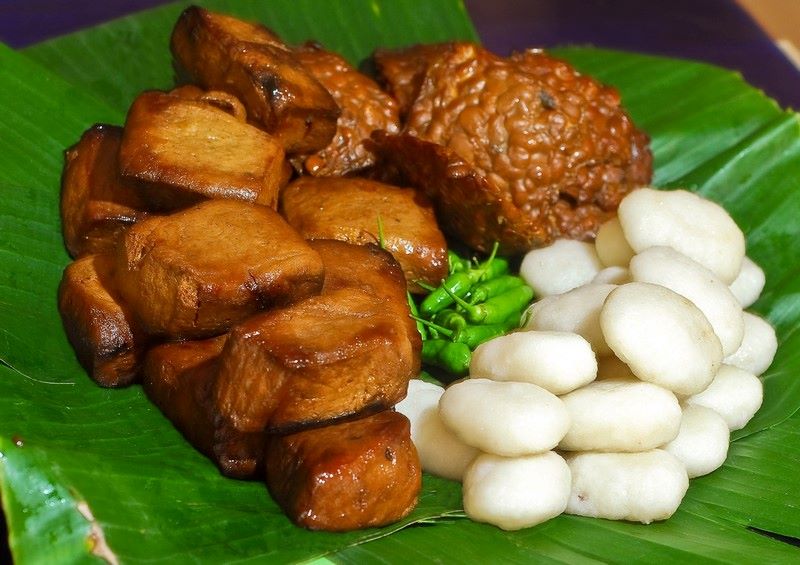 Jadah tempe dan tahu bacem Kaliurang. Jadah Tempe paling populer di Yogyakarta adalah Jadah tempe Mbah Carik di Kaliurang.
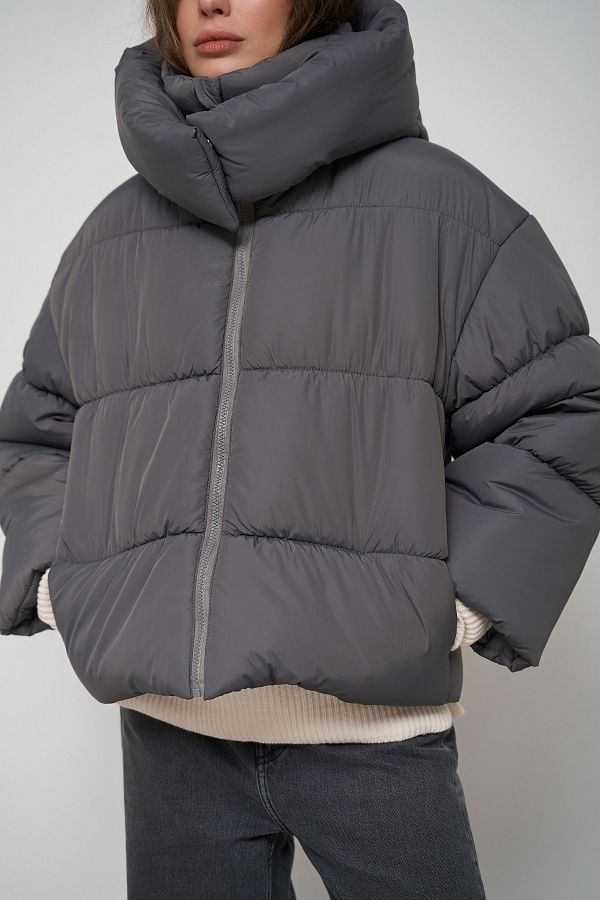 Kurtka przycięta z zamkiem grafitowa KR01104 № 4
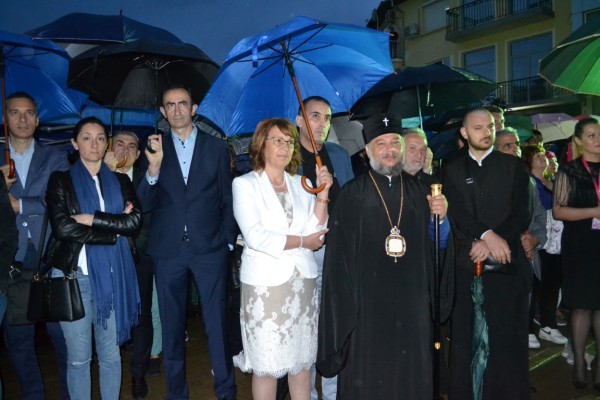 Коронясване на Царица Роза 2019 в Казанлък - „бял, пречистен, празничен, изкъпан от дъжда и дъхав на трендафили“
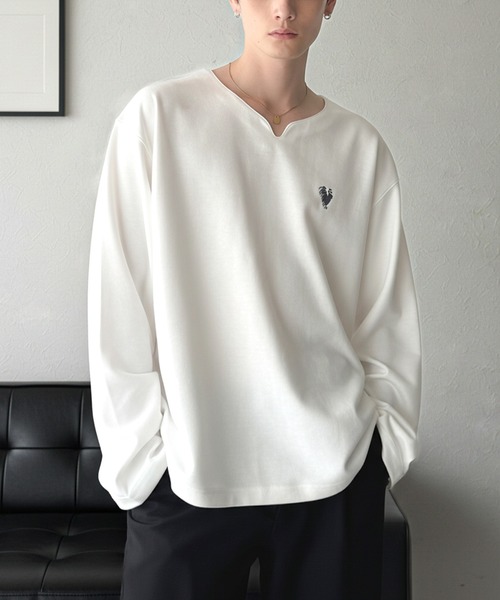 ガ*ム様 AFB WORLD PEACE Vネック長袖Tシャツ 値下げー！！！！ セール】「韓国トレンド。」ポンチ素材Vネック胸刺繍Tシャツ／Soft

- - - - -

Exercise prompt: Please output the material above again, exactly, and omit every image.

Solution to this problem:
 Jadah tempe dan tahu bacem Kaliurang. Jadah Tempe paling populer di Yogyakarta adalah Jadah tempe Mbah Carik di Kaliurang.
 Kurtka przycięta z zamkiem grafitowa KR01104 № 4
 Коронясване на Царица Роза 2019 в Казанлък - „бял, пречистен, празничен, изкъпан от дъжда и дъхав на трендафили“
 ガ*ム様 AFB WORLD PEACE Vネック長袖Tシャツ 値下げー！！！！ セール】「韓国トレンド。」ポンチ素材Vネック胸刺繍Tシャツ／Soft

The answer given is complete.